India. Import duty waiver may hurt wheat farmers

14.12.2016

India's wheat imports are estimated at 2.5 million tonnes this year, of which 1.5 million tonnes have already landed.

Waiving the wheat import duty is likely to affect farmers during the rabi sowing season.

Since speculation surfaced about the duty waiver two weeks ago, the price of wheat in international markets has jumped by more than 13%to $210 a tonne. Despite this, the cost of imported wheat in ports in south India is Rs 200-250 a tonne less than prevailing local prices.

From Rs 1,600 a quintal at the beginning of the previous rabi season, wheat prices have risen to Rs 2,100-2,150 now in the northern states. The government lowered the wheat import duty from 25%to 10%in September and waived it earlier this week.

“Farmers will be discouraged from bringing additional area under wheat this year due to the possibility of a price fall. Bulk consumers in south India will prefer importing wheat,” said Veena Sharma, secretary of the Roller Flour Millers’ Federation of India.

Wheat Import

India’s wheat imports are estimated at 2.5 million tonnes this year, of which 1.5 million tonnes have already landed. The area under wheat has increased by over 14%in this rabi season. The agriculture ministry estimates the wheat acreage on December 2 at 17.39 million hectares, up from 15.25 million hectares a year ago.

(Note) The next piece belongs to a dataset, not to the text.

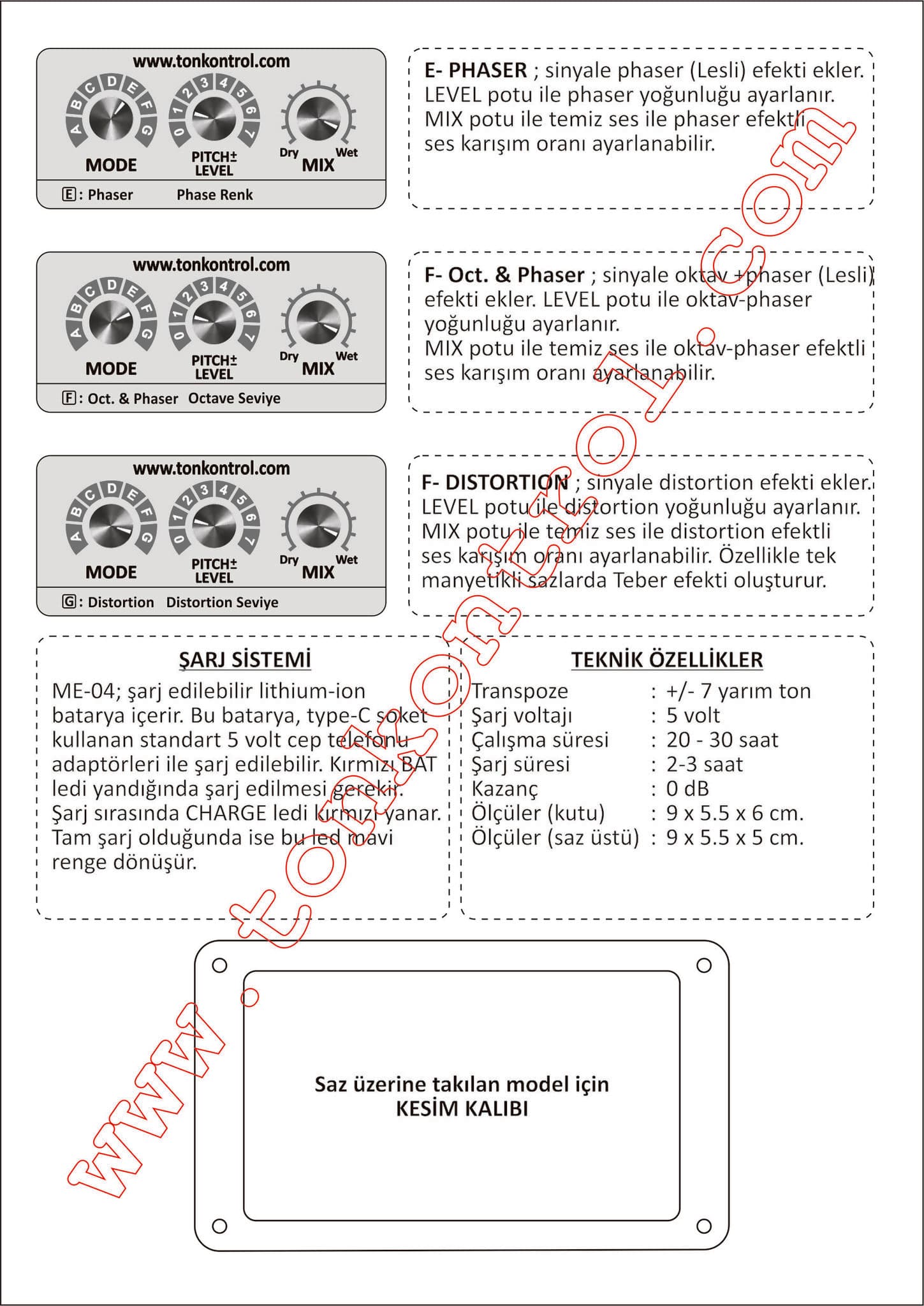 Pitch Shifter & Multi Effect v4.0 kullanım kılavuzu, sayfa 2: Phaser, Oct. & Phaser ve Distortion ayarları, şarj sistemi, teknik özellikler ve saz üstü model için kesim kalıbı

“With imported wheat being cheaper, traders will bring in huge quantities. Some farmers might shift to oilseeds and cash crops,” said a wheat trader in Amritsar. Experts said France was the only source for import of quality wheat because Ukrainian wheat did not meet India’s standards for direct consumption. The wheat harvest in Australia is scheduled in mid-January, slightly before the Indian harvest.  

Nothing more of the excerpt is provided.